Why Does Google Kill So Many Products?

Aug 31, 2022

Google's reputation for discontinuing products is unmatched. There's even a site dedicated to it (KilledByGoogle). We all loved Google Reader, but it shut down almost ten years ago. Experimentation is at the core of Google's DNA, and we should expect experiments to fail, products to evolve, and features to change.

Yet, Google can't shake this meme, and it's starting to do real damage to users and the Google brand. So why can't Google shake this problem?

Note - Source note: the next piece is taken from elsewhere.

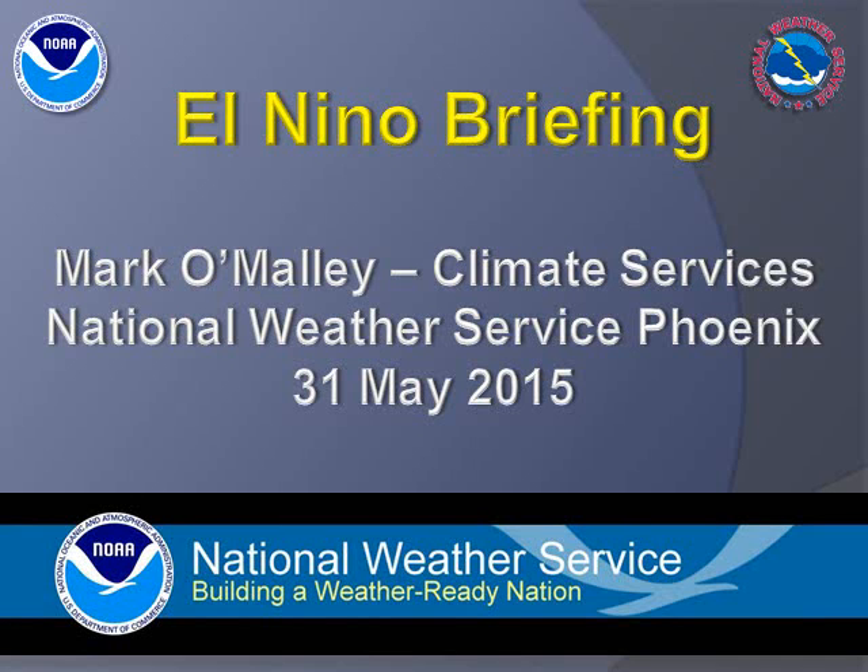Welcome to this El Niño briefing created May 31, 2015. My name is Mark O'Malley with the National Weather Service in Phoenix.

  • Consumer strategy collateral damage in enterprise sales. Letting a thousand flowers bloom works well in consumer applications, but a short (or nonexistent) deprecation policy for enterprise products doesn't work. Google Cloud might have a reasonable deprecation policy, but it might not matter if the meme is strong enough.
  • Corporate dysfunction – e.g., messaging applications. Lack of a coherent overall strategy, misalignment with the internal organization (does it belong in Gsuite? Consumer apps? Android?). Conway's law ("shipping your org chart") applies.
  • The moat for search is already strong enough – Commoditizing your complement is a strategy that Google uses to ensure that Google Search is protected. Any roads that lead to search (browser, mail, maps, mobile, docs) must be commoditized and owned by Google. My uneducated guess is that many consumer products (like Reader) don't sufficiently move the needle on search. As a result, finding the right moat-builders is becoming harder and harder.
  • The transition to a more financially focused company – when Ruth Porat joined Google in 2015, she brought a culture of cost-cutting and financial discipline. It's no coincidence that this lined up with co-founder Larry Page moving on from CEO. This meant highly used products that weren't defending the moat or monetizing were forced to monetize or shut down.  
  • Experiments can't work at Google-scale. A/B testing works better at scale, but full-on product experimentation is worse. Google experiments acquire millions of users, regardless of if they are good, bad, successful, or not. Startups can fail because they aren't at scale and suffer minor reputational damage (when they fail, they usually die).

What should Google do? Launch projects under different brands (Alphabet). Separate enterprise from consumer more clearly (Gsuite/Google Cloud). It would be the wrong idea to stop experimenting completely – that's how companies lose their advantage.

Disclaimer: I used to work at Google but have no insider knowledge of the answer to this question.